Initially, the MOLLUS had Companions of the Second Class, the eldest sons of Companions of the First Class (i.e., veterans of the Civil War who also held a commission at some point). A Second Class Companion became a First Class Companion upon his father's death, and brothers of fallen officers were allowed to join as hereditary companions if there was no surviving issue. These practices were discontinued in 1905 when the MOLLUS Constitution was changed to allow any direct male descendant of a U.S. Army officer to become a MOLLUS Companion. The nomenclature of First Class and Second Class Companions was discarded, leaving only the qualifiers of "Original" and "Hereditary" Companions. Later, the eligibility rules were changed to allow nephews of U.S. officers to become hereditary Companions of the MOLLUS; and as of October 2021, a first-cousin relationship to an officer (i.e., the officer was the child of the aunt or uncle of the applicant) qualifies the applicant for hereditary membership.

====Military and naval officers====
- General of the Army Douglas MacArthur – Legendary general. Son of Lieutenant General Arthur MacArthur Jr.
- General Jonathan Wainwright – Medal of Honor recipient.
- Admiral William V. Pratt – President of the Naval War College and Chief of Naval Operations.
- Lieutenant General Albert Jesse Bowley Sr. – Veteran of the Spanish–American War and World War I.
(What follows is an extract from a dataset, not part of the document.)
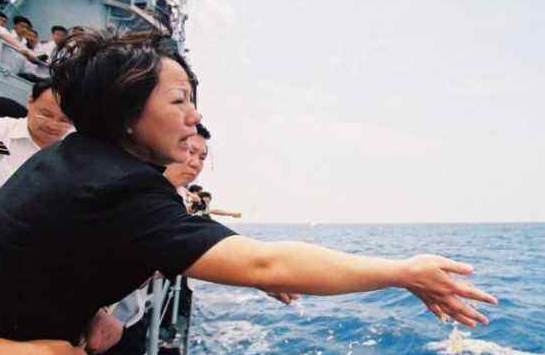 王伟牺牲后，他的妻儿如今过得怎样？国家的做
- Lieutenant General Adna R. Chaffee Jr. – Father of the U.S. Army Armor branch.
- Lieutenant General John MacNair Wright Jr. – Veteran of World War II and the Vietnam War.
- Vice Admiral Henry Varnum Butler, USN - Career naval officer and aviator who was onboard USS Olympia during the Battle of Manila Bay.
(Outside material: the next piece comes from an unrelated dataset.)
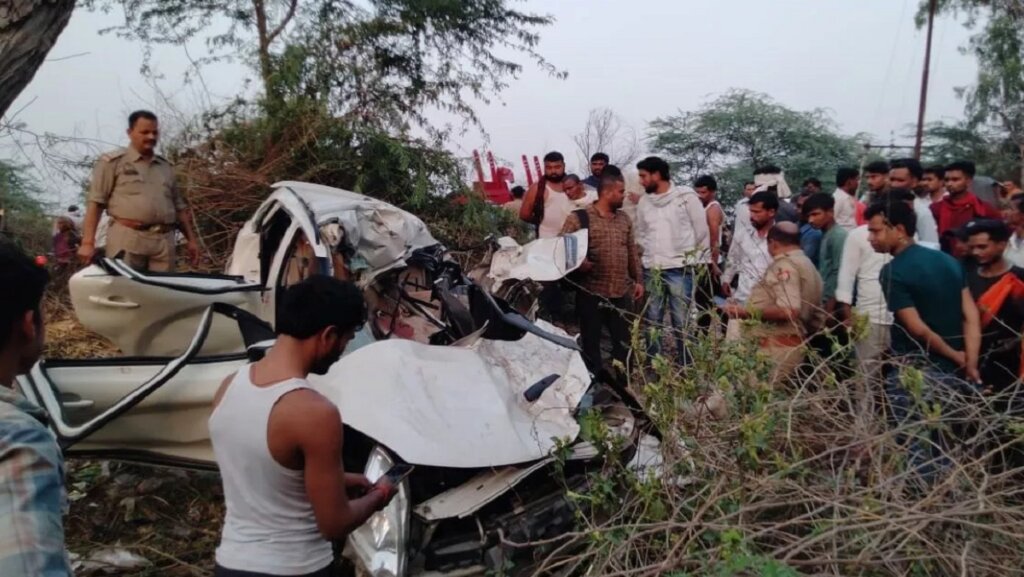 Major accident in Mahoba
- Vice Admiral Walter N. Vernou, USN – Veteran of the Spanish–American War, World War I and World War II.
- Major General Malvern Hill Barnum – Commanded the 183rd Brigade during World War I. MOLLUS Commander in Chief, 1940–41.
- Major General Preston Brown - Deputy Chief of Staff of the U.S. Army.
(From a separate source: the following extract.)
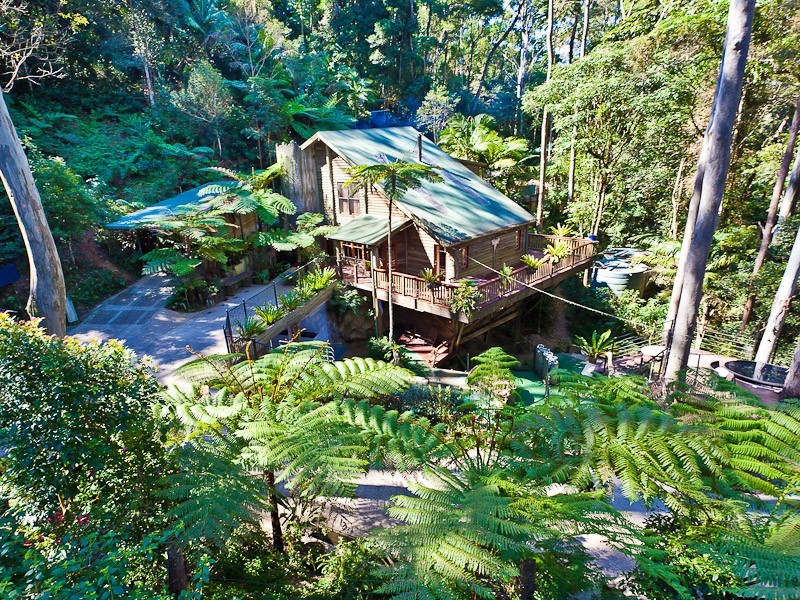 2154 Mt Glorious Road, Mount Glorious QLD 4520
- Major General Joseph T. Dickman - Commanded the US Third Army during the Occupation of the Rhineland following World War I.
- Major General Frederick Dent Grant – Son of General Ulysses S. Grant.
- Major General Ulysses S. Grant III – MOLLUS Commander in Chief, 1957–61; SUVCW Commander-in-Chief, 1953–55; and Aztec Club of 1847 President, 1930–31, 1951–52, 1953–54 and 1955–56.
- Major General Sherman Miles – Son of Lieutenant General Nelson A. Miles.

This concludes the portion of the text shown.